In the year 2020, the Directorate of Forestry was incorporated within the Ministry of Environment, Forestry and Tourism (MEFT), which was previously the Ministry of Environment and Tourism (MET). This decision allows Namibian plant resource management to be more closely integrated with our conservation of other natural resources. The Directorate’s mandate was expanded considerably in 2008 to include the entire country and to integrate newly established community forests into the overall programme. These community forests are in ten regions spread across the north of Namibia (Zambezi, Kavango East and West, Ohangwena, Omusati, Oshikoto, Oshana, Otjozondjupa, Kunene and Omaheke) and have become an essential and integral part of the CBNRM programme. There are currently 43 registered and emerging community forests in Namibia, covering around 8% of the country. However, many of these forests overlap communal conservancies, in many cases by 100%, so the forest area outside of conservancies contributes only 0.4% of Namibia’s land area.

Community forest management is guided by the principles of sustainable management, not to deplete, but to maintain and improve the resource base, and of sharing benefits among all local residents. Hence, community forests empower local people to take responsibility and to become actively involved in forest management, thereby increasing the value and benefits of forest resources to local people. Community forests differ from conservancies in one fundamental respect: all residents within a community forest are members of the forest, and have member’s rights, whereas not all residents of conservancies are members.

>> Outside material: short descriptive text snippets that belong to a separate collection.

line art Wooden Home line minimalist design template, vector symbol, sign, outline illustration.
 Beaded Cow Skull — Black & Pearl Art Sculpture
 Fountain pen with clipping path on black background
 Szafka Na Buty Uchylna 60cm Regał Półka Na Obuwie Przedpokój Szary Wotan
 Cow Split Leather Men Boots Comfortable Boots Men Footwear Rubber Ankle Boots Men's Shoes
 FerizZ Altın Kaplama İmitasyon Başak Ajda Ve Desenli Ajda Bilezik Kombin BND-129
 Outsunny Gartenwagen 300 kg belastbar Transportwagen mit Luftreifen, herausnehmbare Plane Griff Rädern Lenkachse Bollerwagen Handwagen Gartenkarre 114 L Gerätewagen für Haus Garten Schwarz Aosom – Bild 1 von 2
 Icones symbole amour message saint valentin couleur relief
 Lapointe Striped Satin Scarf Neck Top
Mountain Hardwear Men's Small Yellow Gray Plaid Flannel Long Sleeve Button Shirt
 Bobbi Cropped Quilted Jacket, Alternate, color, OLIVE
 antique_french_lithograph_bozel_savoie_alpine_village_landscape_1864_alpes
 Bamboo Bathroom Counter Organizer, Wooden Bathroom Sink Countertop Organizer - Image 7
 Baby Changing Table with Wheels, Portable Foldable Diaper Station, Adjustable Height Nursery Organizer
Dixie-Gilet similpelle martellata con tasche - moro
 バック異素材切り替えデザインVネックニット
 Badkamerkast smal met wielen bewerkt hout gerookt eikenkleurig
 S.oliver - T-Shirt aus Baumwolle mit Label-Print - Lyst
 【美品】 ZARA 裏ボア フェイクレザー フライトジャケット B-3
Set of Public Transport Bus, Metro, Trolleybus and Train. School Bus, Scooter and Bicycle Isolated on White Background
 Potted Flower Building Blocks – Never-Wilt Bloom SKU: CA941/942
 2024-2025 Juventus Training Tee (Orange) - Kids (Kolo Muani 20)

A principal source of income from community forests is the commercial extraction of Namibian hardwoods. The Directorate of Forestry calculates an ‘annual allowable offtake’, based on an inventory of timber resources, which is binding for a 5-10 year period. Community members themselves conduct the inventory, as they know their areas intimately. Technical guidance is given by the National Forestry Inventory (NFI) Department, which analyses the data and compiles inventory reports. These then form the key components of the management plan.

The principle of an inventory mirrors the annual game counts carried out in communal conservancy areas in the north-west and north-east, data which are analysed before quotas are set for the sustainable use of game. The WWF coordinates an annual vegetation survey in selected conservancy areas, and all of these community based monitoring activities provide information which is collated into the Namibian CONINFO data base.

Trees also bear fruits which are of nutritional and economic value. Marula, ximenia, mopane and commiphora all produce oils useful for food or as skin lotions. Protecting these resources by their sustainable utilisation is the key role for communal forests.

Forest committees have rights over their resources, and issue permits for their utilisation based upon annual monitoring. They also control grazing by livestock in forest areas which are a valuable fodder resource in times of drought. Grazing permits may be issued, subject to the sustainability of graze and browse in forest areas.